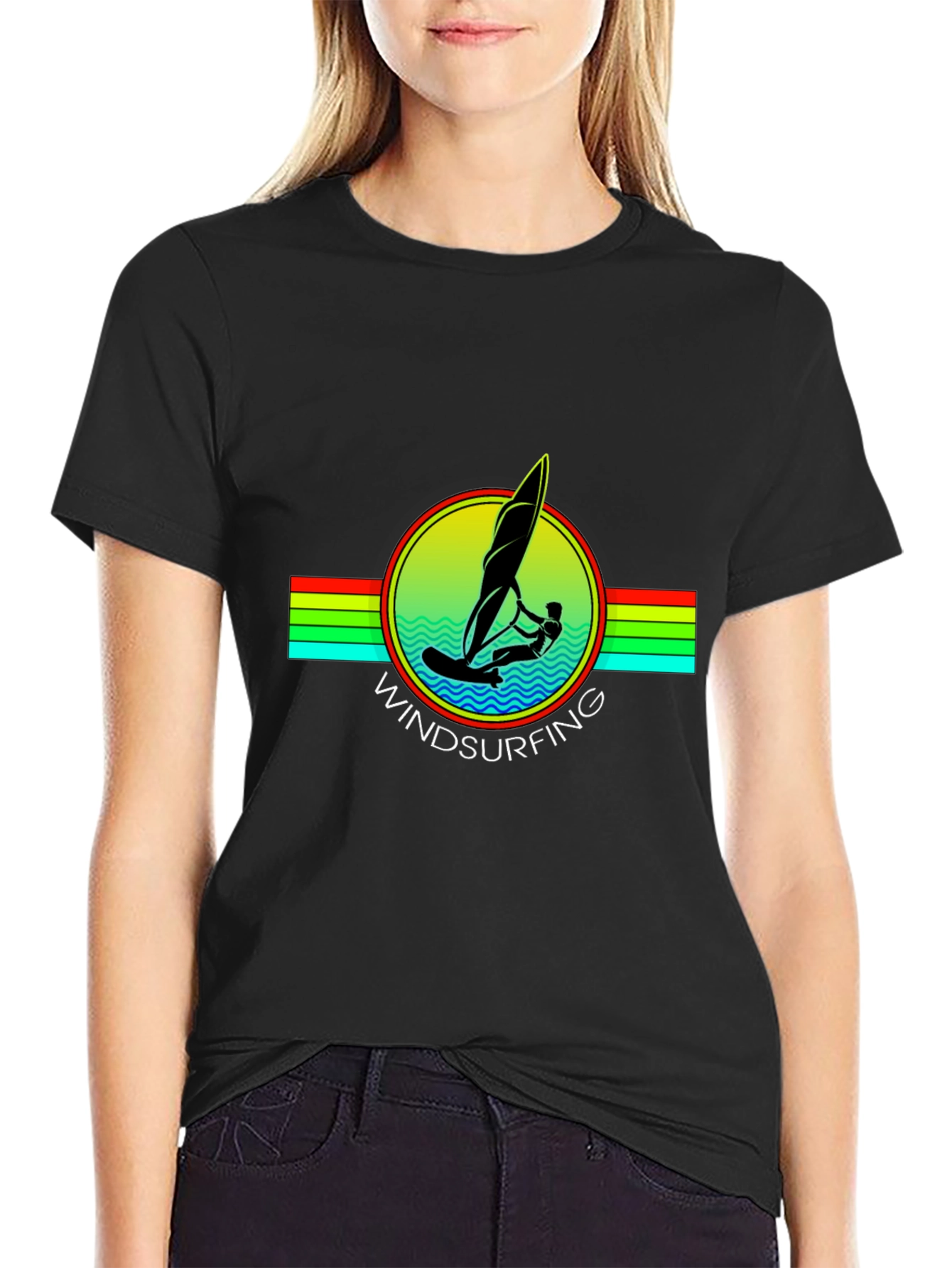 Black Windsurfing Graphic Tee - Black Cotton T-Shirt view 2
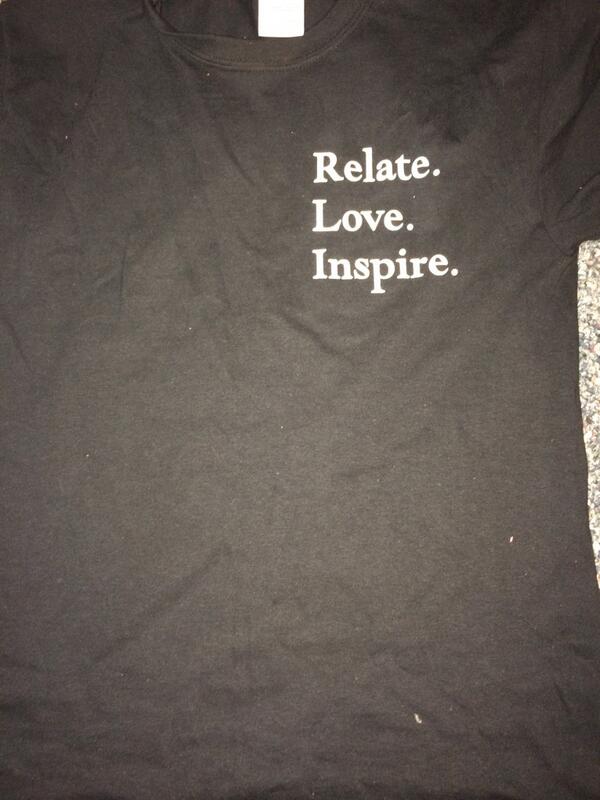 Front of Mike Posner's 2014 Unplugged Tour T-Shirt "Relate. Love. Inspire."
Twitter @GgglsSweetie
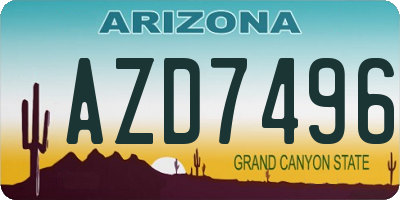 AZ license plate AZD7496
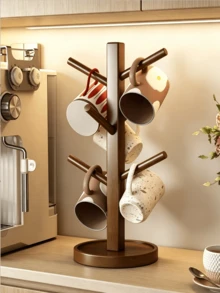 1pc Vintage Bamboo Wood Cup Holder, Nordic Style Desktop Mug Drying Rack, Kitchen Countertop Cup Storage Organizer, Smooth Round Design Without Burrs, Multi-Purpose Suitable For Home Kitchen Office, Ideal Housewarming Gift - 1PC - View 5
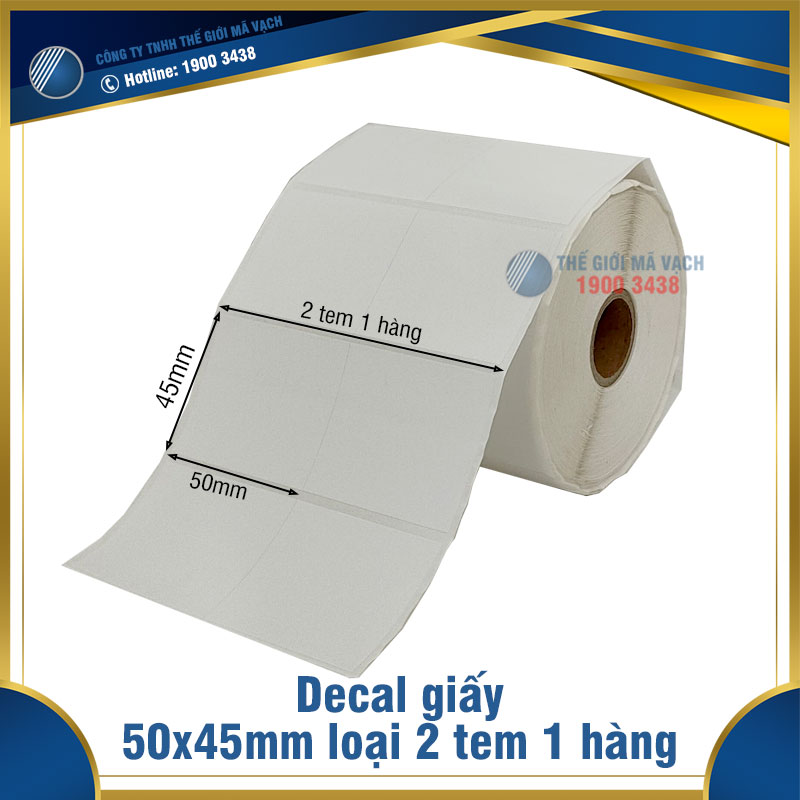Decal giấy in mã vạch 50x45mm loại 2 tem 1 hàng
----
# Work order:
With images left out, the data must be transcribed exactly.

# Written answer:
 Black Windsurfing Graphic Tee - Black Cotton T-Shirt view 2
 Front of Mike Posner's 2014 Unplugged Tour T-Shirt "Relate. Love. Inspire."
Twitter @GgglsSweetie
 AZ license plate AZD7496
 1pc Vintage Bamboo Wood Cup Holder, Nordic Style Desktop Mug Drying Rack, Kitchen Countertop Cup Storage Organizer, Smooth Round Design Without Burrs, Multi-Purpose Suitable For Home Kitchen Office, Ideal Housewarming Gift - 1PC - View 5
Decal giấy in mã vạch 50x45mm loại 2 tem 1 hàng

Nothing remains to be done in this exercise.